Can you print the data exactly and leave out each image?

Start of Material for this exercise

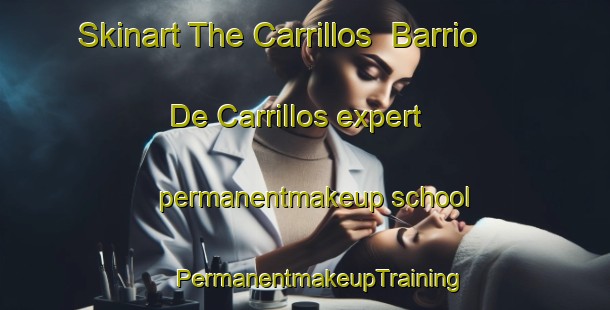 Skinart The Carrillos  Barrio De Carrillos expert permanentmakeup school | #PermanentmakeupTraining #PermanentmakeupClasses #SkinartTraining-Mexico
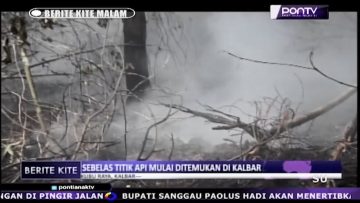 [ID: QEKc9M62x8s] Youtube Automatic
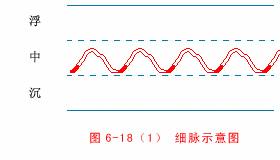 有的形容 a href="#" data-lemmaid="10853002">脉细 /a>如丝,但脉起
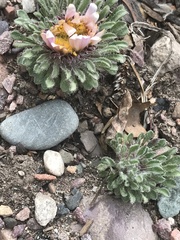 Townsendia condensata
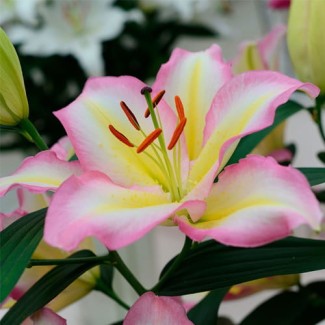 Lilia Orientalna 'Captain Tricolore'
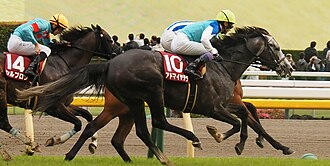 目黒記念のサムネイル
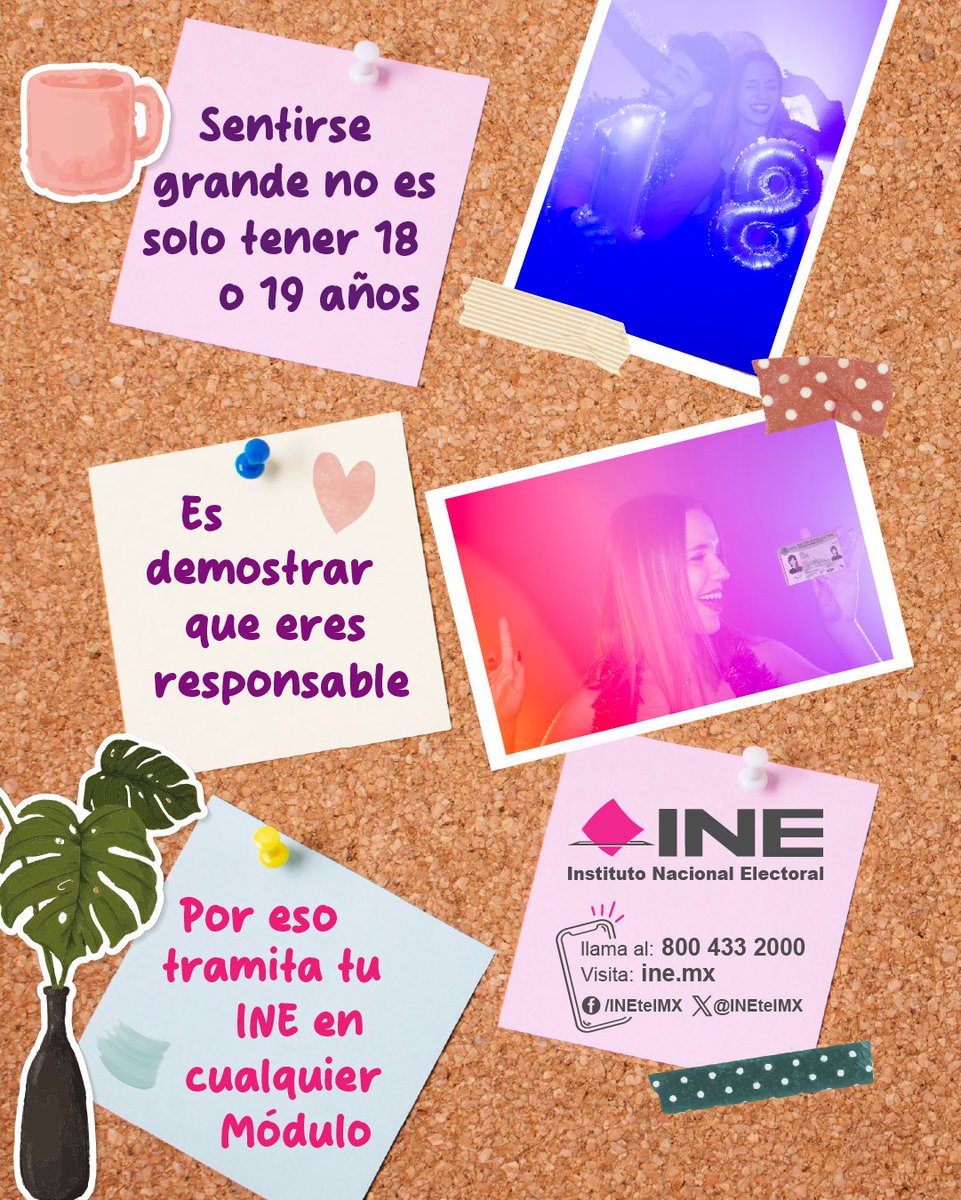 INECDMX's tweet photo. 🪪 Tener tu INE a los 18 o 19 años es más que un trámite; es asumir tu compromiso con la participación ciudadana 🤝 y el futuro del país.
#CredencialParaVotar #INECDMX https://t.co/ZDdQoaArSh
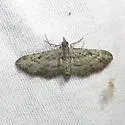 Eupithecia longidens - Hodges#7454 - photo 3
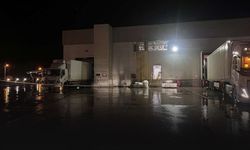 Balık fabrikasında gaz sızıntısı paniği... 15 işçi hastanelik oldu!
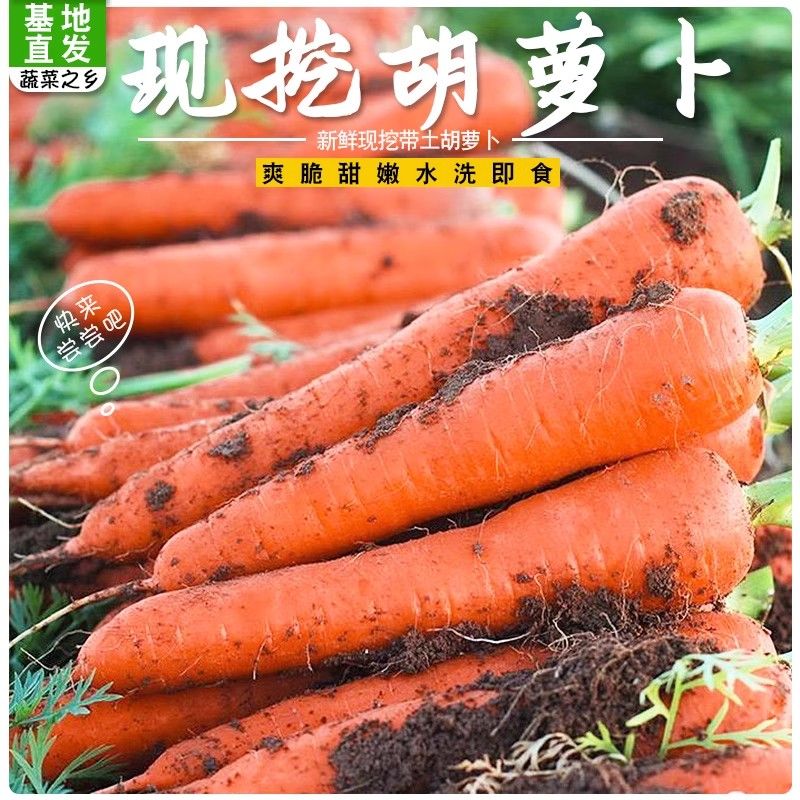 应季新鲜胡萝卜农家自种胡萝卜微泥土发货时令胡萝卜辅食胡萝卜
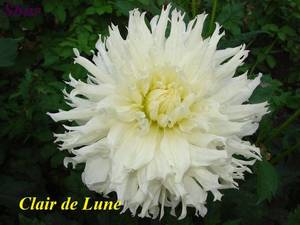 Clair de Lune (2).JPG
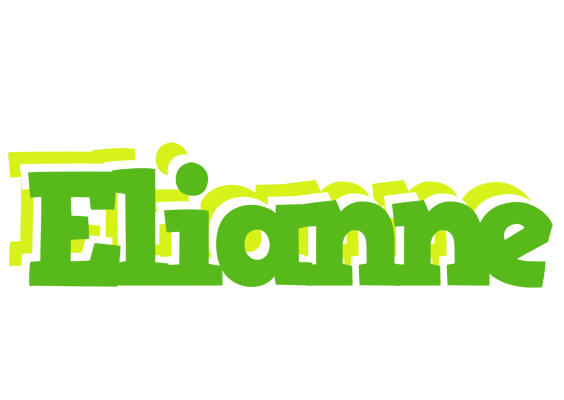 Elianne picnic logo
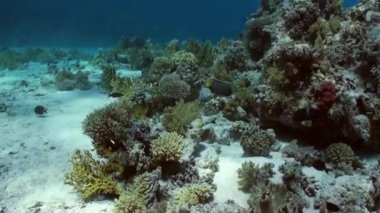 Yiyecek bulmak resif üzerinde sarı benekli boxfish.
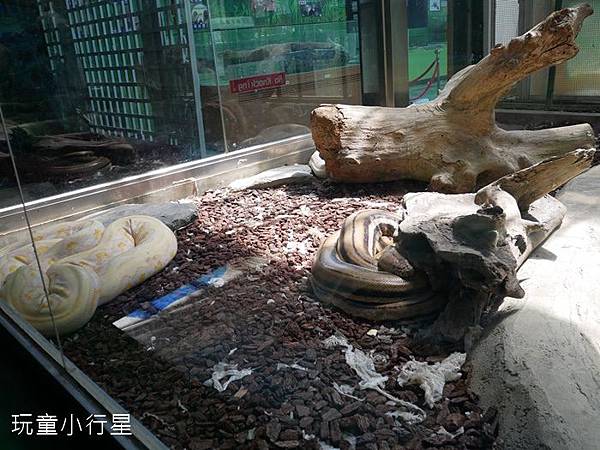 頑皮世界10.JPG 頑皮世界10.JPG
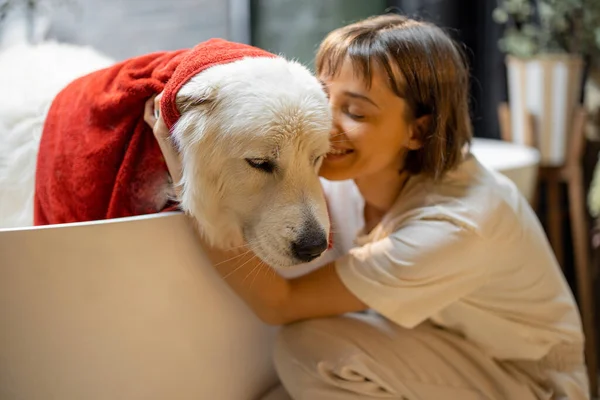 여자는 집에서 수건으로 닦는다 동물을 돌보는 관계를 — 스톡 사진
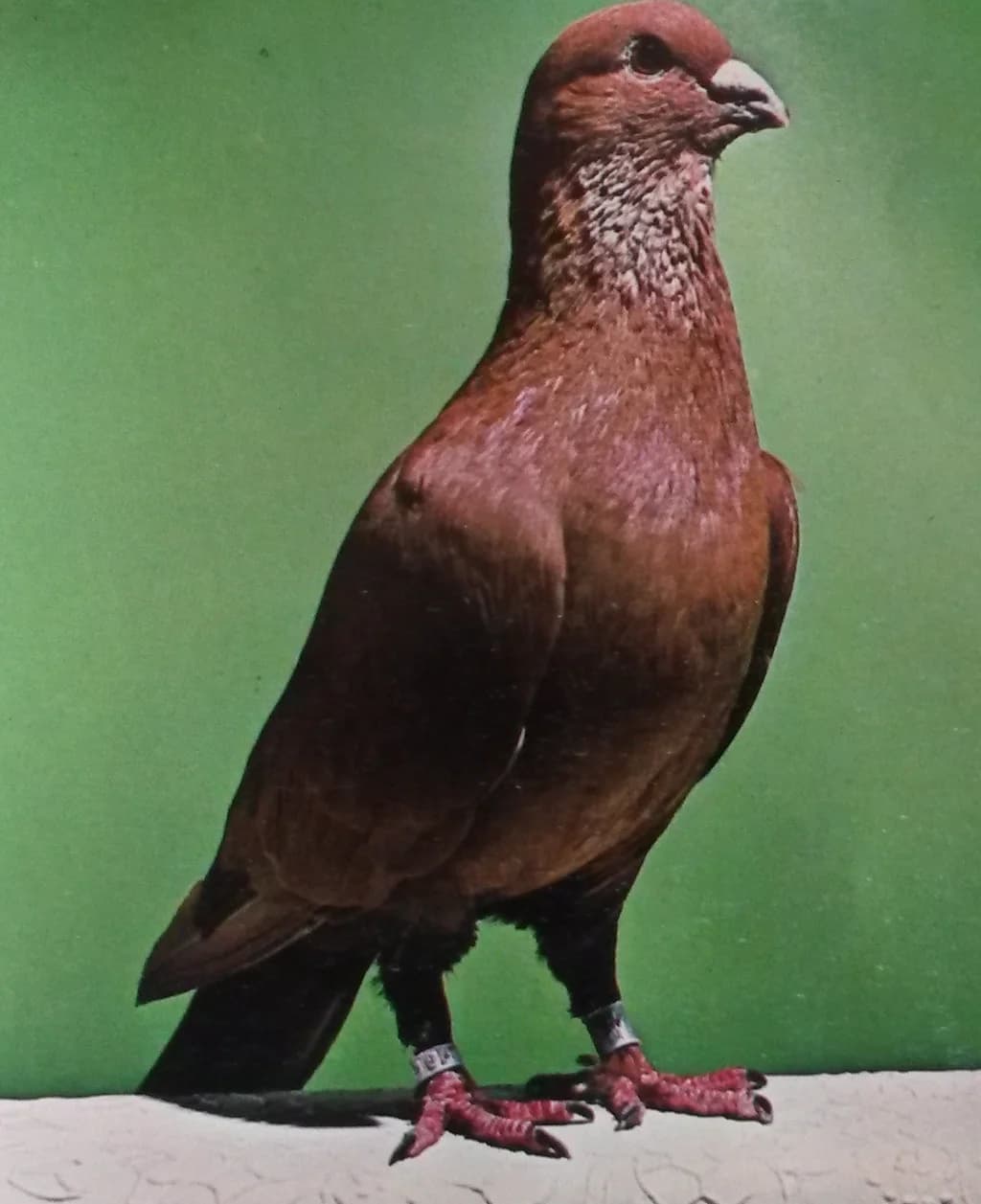Suriye Swift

End of Material for this exercise

*Reply:*
 Skinart The Carrillos  Barrio De Carrillos expert permanentmakeup school | #PermanentmakeupTraining #PermanentmakeupClasses #SkinartTraining-Mexico
 [ID: QEKc9M62x8s] Youtube Automatic
 有的形容 a href="#" data-lemmaid="10853002">脉细 /a>如丝,但脉起
 Townsendia condensata
 Lilia Orientalna 'Captain Tricolore'
 目黒記念のサムネイル
 INECDMX's tweet photo. 🪪 Tener tu INE a los 18 o 19 años es más que un trámite; es asumir tu compromiso con la participación ciudadana 🤝 y el futuro del país.
#CredencialParaVotar #INECDMX https://t.co/ZDdQoaArSh
 Eupithecia longidens - Hodges#7454 - photo 3
 Balık fabrikasında gaz sızıntısı paniği... 15 işçi hastanelik oldu!
 应季新鲜胡萝卜农家自种胡萝卜微泥土发货时令胡萝卜辅食胡萝卜
 Clair de Lune (2).JPG
 Elianne picnic logo
 Yiyecek bulmak resif üzerinde sarı benekli boxfish.
 頑皮世界10.JPG 頑皮世界10.JPG
 여자는 집에서 수건으로 닦는다 동물을 돌보는 관계를 — 스톡 사진
Suriye Swift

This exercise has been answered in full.